そんな街に、1年ぶりに足を運んだ。駅の改札を過ぎて目の前に飛び込んでくる海の青さはあのときのまま。ただよう空気感も。ふっと口角があがってしまうような穏やかな景色に、私は何度も救われてきたんだ。
尾道という街がこんなに優しい雰囲気に包まれているのは、街全体の空気感こそが魅力だからだろう。街全体の空気を感じられるからこそ、訪れた人はみんなこの街に心を奪われていくのだと思う。1つの目玉の観光スポットがあって、それを見学して観光は終わり、というのではない、また別の味わい方ができる街だ。
今回も私は飽きずに街を歩き回る。ふっと頬をかすめる金木犀の香りがたまらない。暖かい日差しのなかで一瞬吹く冷たい風が秋を感じさせる。そんな風に、1つ1つの景色を目に焼き付けて、全身で感じながらゆっくりと散策するのが、この街での過ごし方だ。
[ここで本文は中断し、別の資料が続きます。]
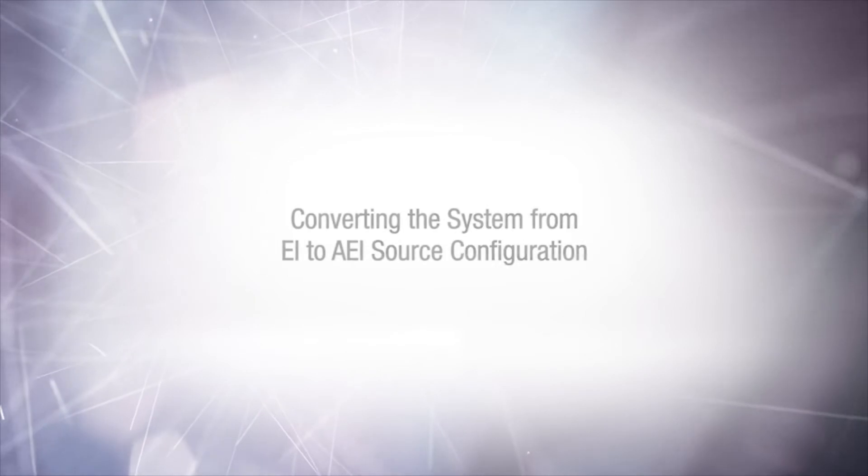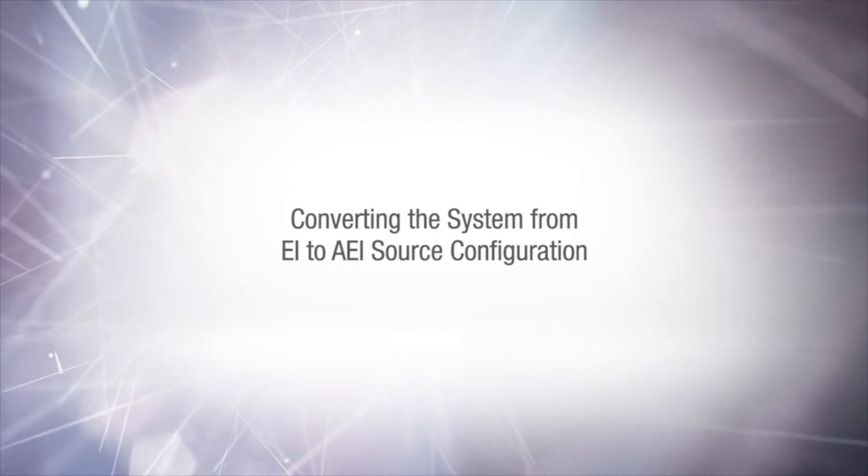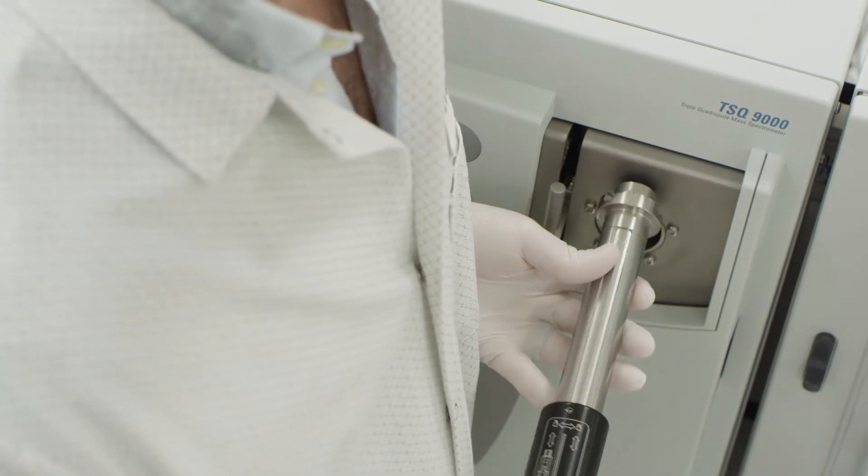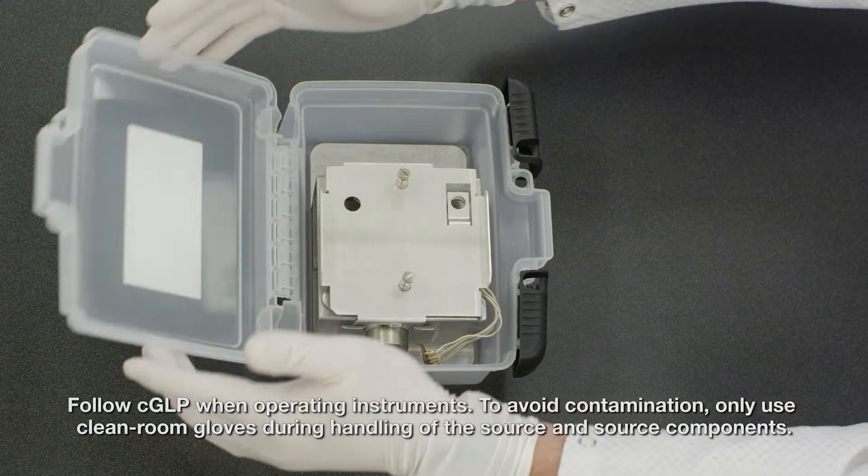In this portion of the video, we'll be converting the system from EI to AEI source configuration. To begin, remove the EI source using the instructions located in the hardware manual and store the source in the source kit box.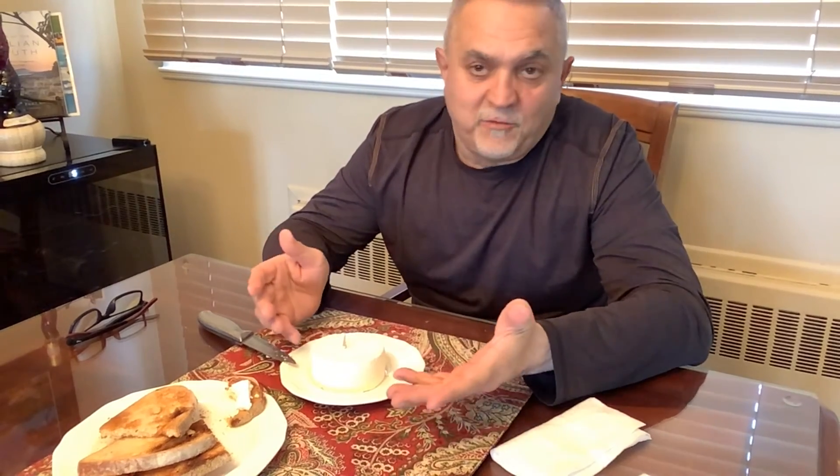My capocollo and my lonzino have already lost weight, which means they're losing the percentage of their weight and drying out slowly. I think they will be ready in another three to four weeks and then we can taste those too. For now we tasted what I guess is a semi-fresh cheese, because it's three weeks old — so it's fresh cheese no matter what.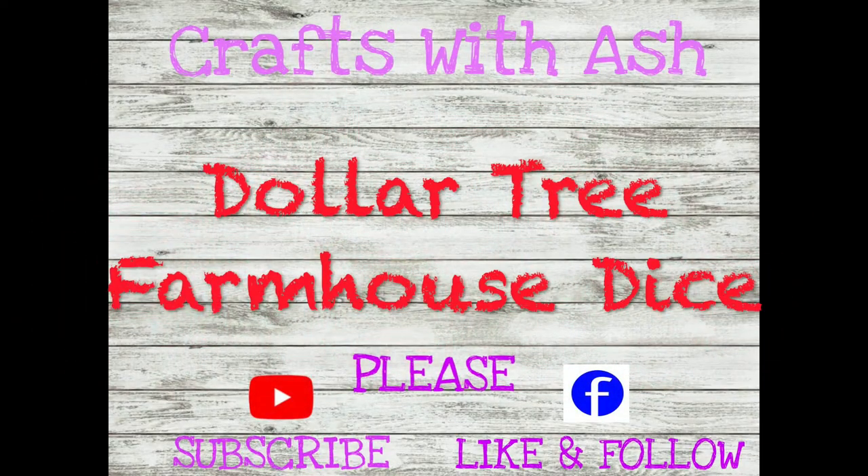Hi everyone, welcome back to my channel. My name is Ashley and this is Crafts with Ash. Today we're gonna make the very popular Dollar Tree farmhouse dice. Now if you see my lips moving and it's not matching what I'm saying, it's because this was originally a Facebook Live, but I can tend to sit down for a YouTube version.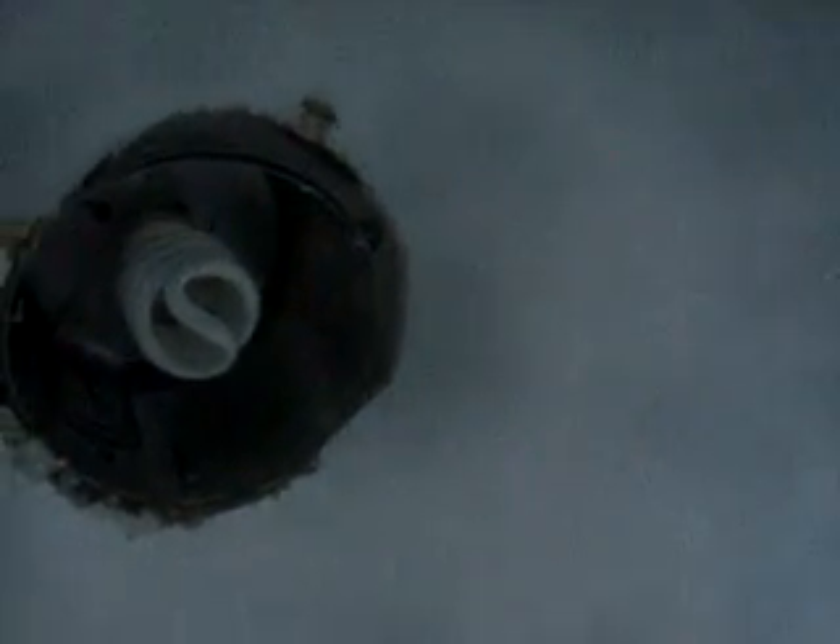Oops. On this one, I do need to spackle that hole in — the trim ring won't cover that completely. And you can see where I started to cut from the attic. I'll need to spackle that in as well.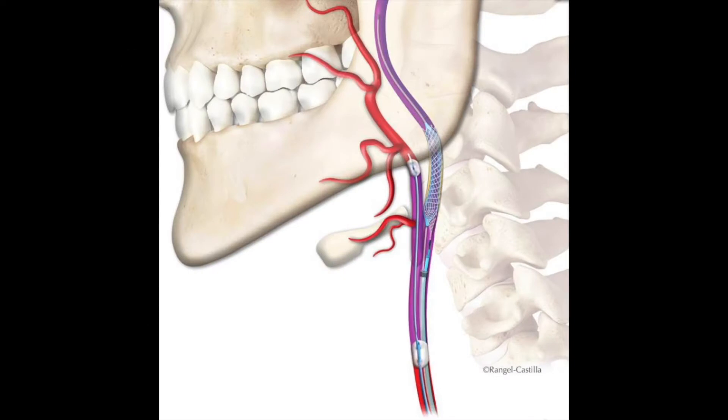The MoMA Ultra Proximal Cerebral Protection Device is a novel device designed to contain and remove all sizes of debris that can dislodge during interventional procedures in the carotid arteries. The MoMA Ultra device has a double occlusion balloon system which allows for proximal embolic protection to be established prior to crossing a carotid lesion.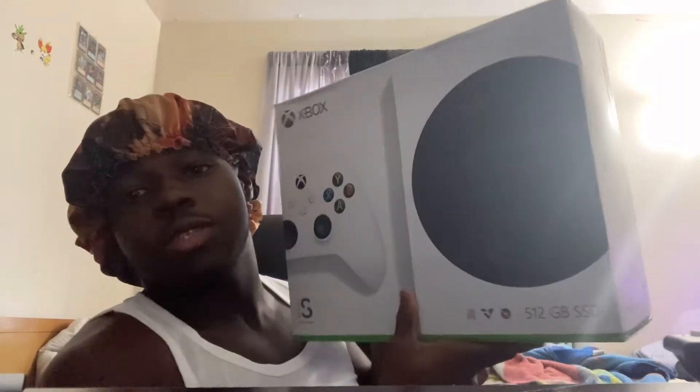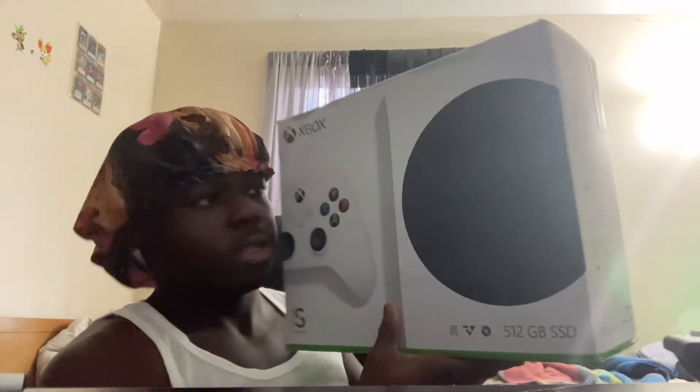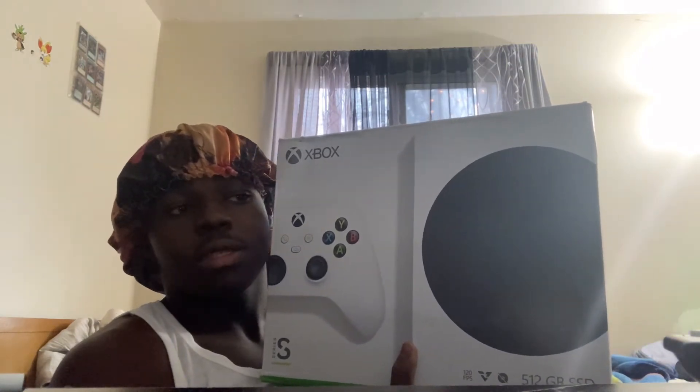Yes sir! If you see this, I got the Xbox Series S. This is the theme that was inside the box — the Xbox Series S. Now I got two next-gen consoles.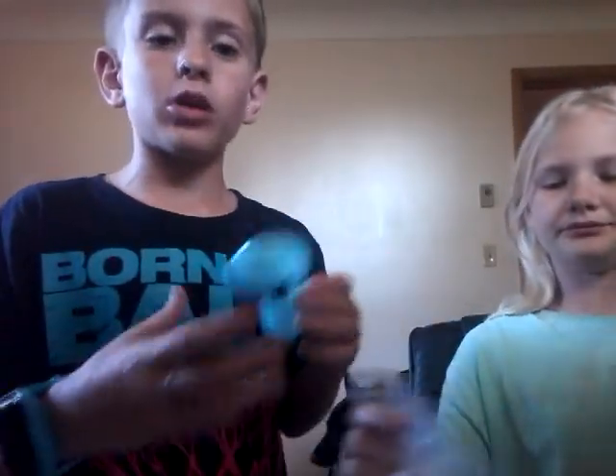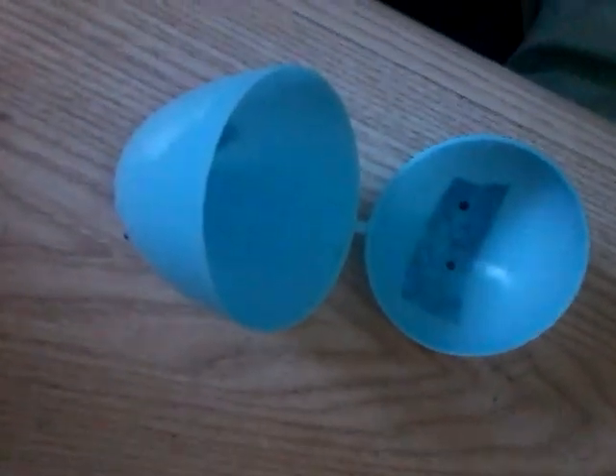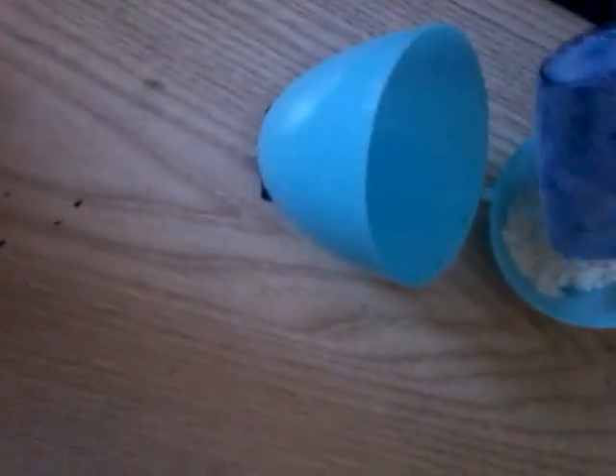Take some flour and put it in. My sister's going to do the flour — I'll hold it just to show you how much. Just fill one half, which is the small half. That's what I prefer.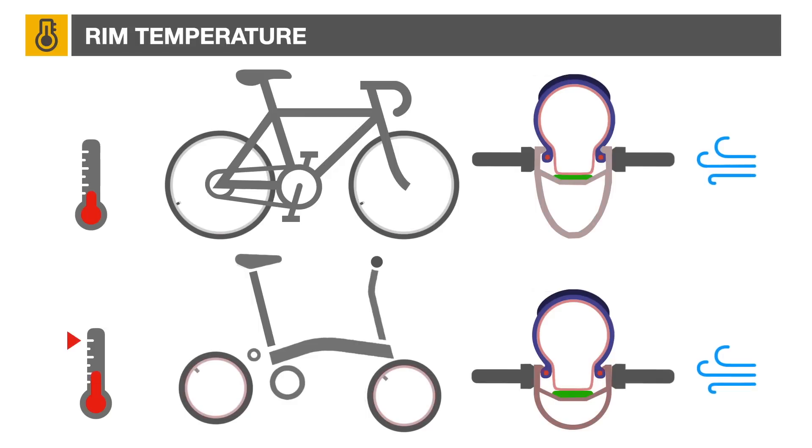The Brompton wheel, with its lower aluminum mass and thus smaller thermal capacity, will see its temperature increase faster than the larger wheel of its bigger cousin. Furthermore, convection cooling due to airflow around the wheel will be better on a full-size wheel, due to its deeper rim and the lack of fenders.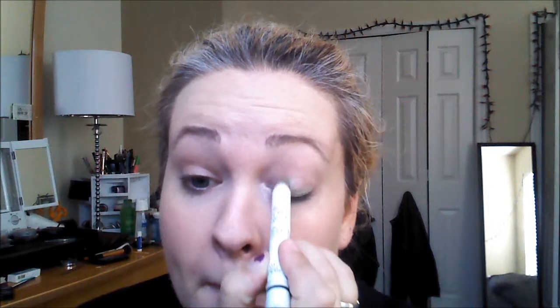Then next we're going to go in with Lemon. I don't have a really dark green cream liner, so this is 613 Lemon from NYX. It's kind of a yellowy green color, kind of like a lime green. That's going to go in the middle part of my eye, stopping at the crease. Taking my finger, pushing and blending that in.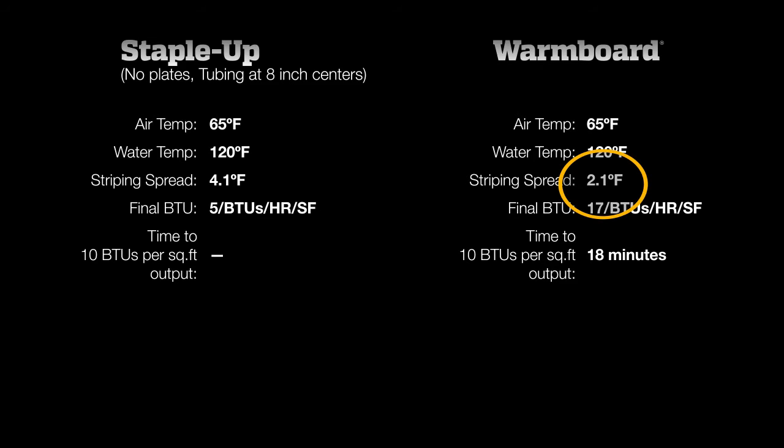WarmBoard, with only 2.1 degrees of variation, has no noticeable striping. The clear winner here is WarmBoard — response time, performance, and even surface temperatures. There's just no comparison. When it comes to comfort, WarmBoard is much better at producing the right amount of heat, right when you want it.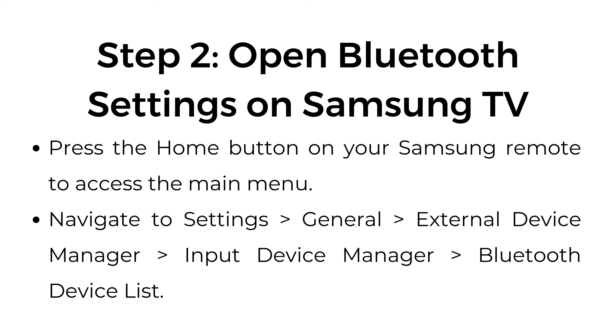Step number two: open Bluetooth settings on Samsung TV. Press the home button on your Samsung remote to access the main menu. Navigate to Settings, General, External Device Manager, Input Device Manager, Bluetooth Device List.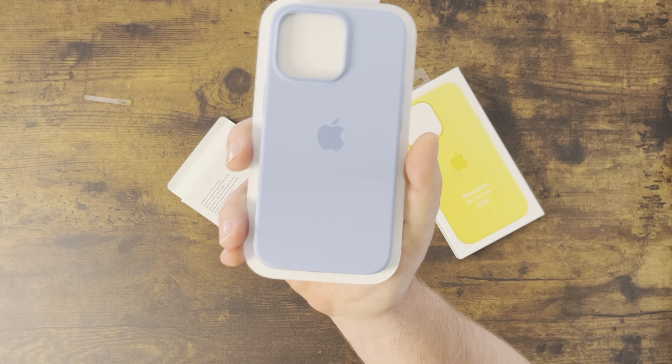I wanted to open these up and take a look at what the colors actually look like compared to just seeing them online. Let's start off with the Blue Fog — it's just a nice sky blue, I'd call it a North Carolina blue colorway.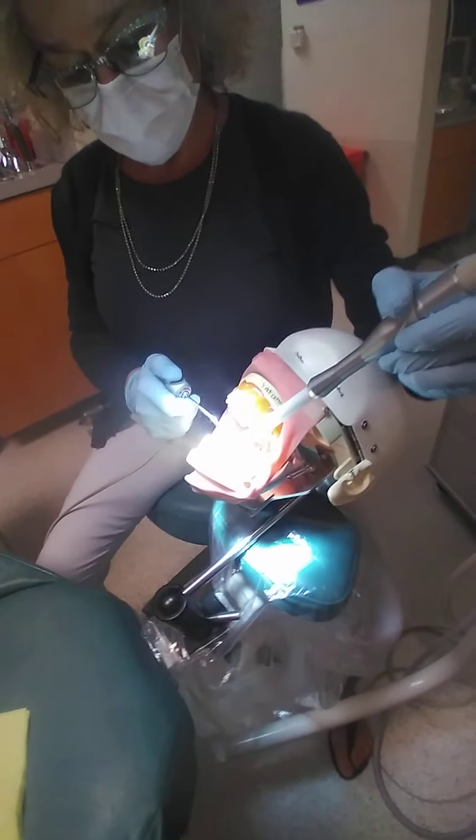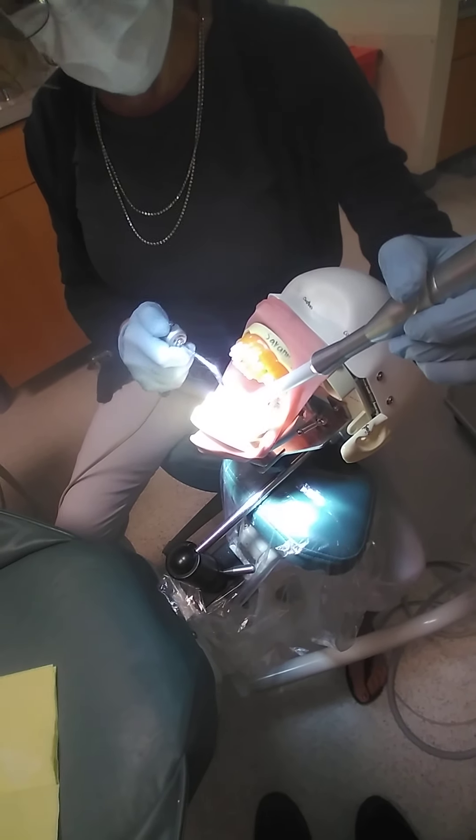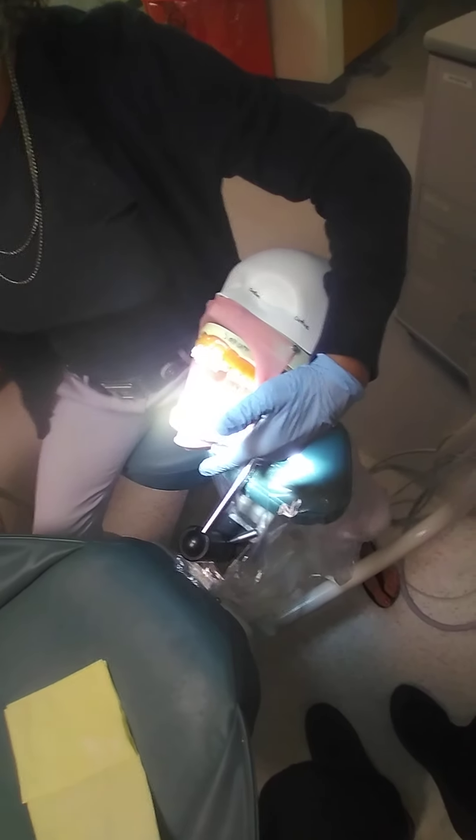I'm going to do a limited rinse — just get the tooth wet, not the cotton rolls. I'm just cleaning the tooth; I'm not removing the smear layer. The only thing that removes the smear layer is going to be our phosphoric acid etch.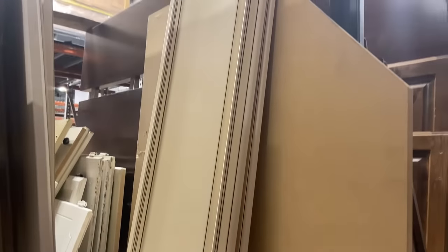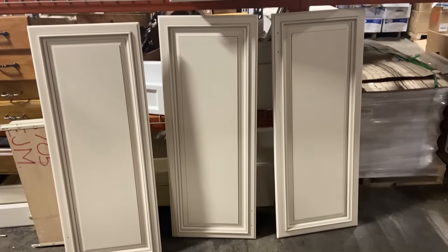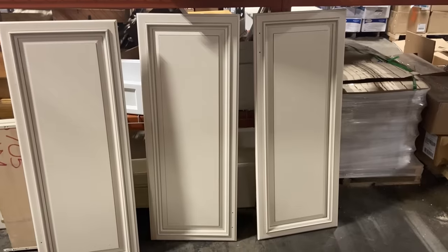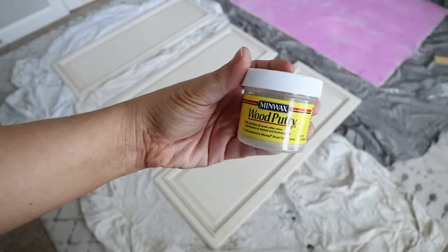This next project was definitely my most inexpensive. When I was at the ReStore, I always like to look in the cabinet section because there are always cool drawers or cabinet doors. I found a set of three cabinet doors in perfect condition and thought they would make a great grouping of wall art. I grabbed all three doors — they were $2 each, so I spent $6 total. They were wood and are going to be great for my project.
そう、別に、何もしない。ただこの街にただよう空気感を味わうだけで、私は旅の目的を果たせてしまうような。そんな気持ちにさえなってしまう。
海沿いに座ってパンを食べたり、沈みゆく夕日を意味もなくボーっと眺めたり、木陰に腰かけて本を読んだり。尾道に来ると、私はいつもこうだ。ほかの街でだって、ましてや自分の部屋のなかでさえできるかもしれない過ごし方。それなのに、こういう過ごし方しかしたくない、というように、頑固なまでにのんびりと、誤解をおそれず言うならば、無為な時間を過ごしてしまう。
心地よさがただよう街。何度も歩いている道、何度も見ている景色、何度も食べているもの。”何度”がいくつ積み重なったとしても、私はきっとこの街をかわらずに好きでい続けるんだろうな。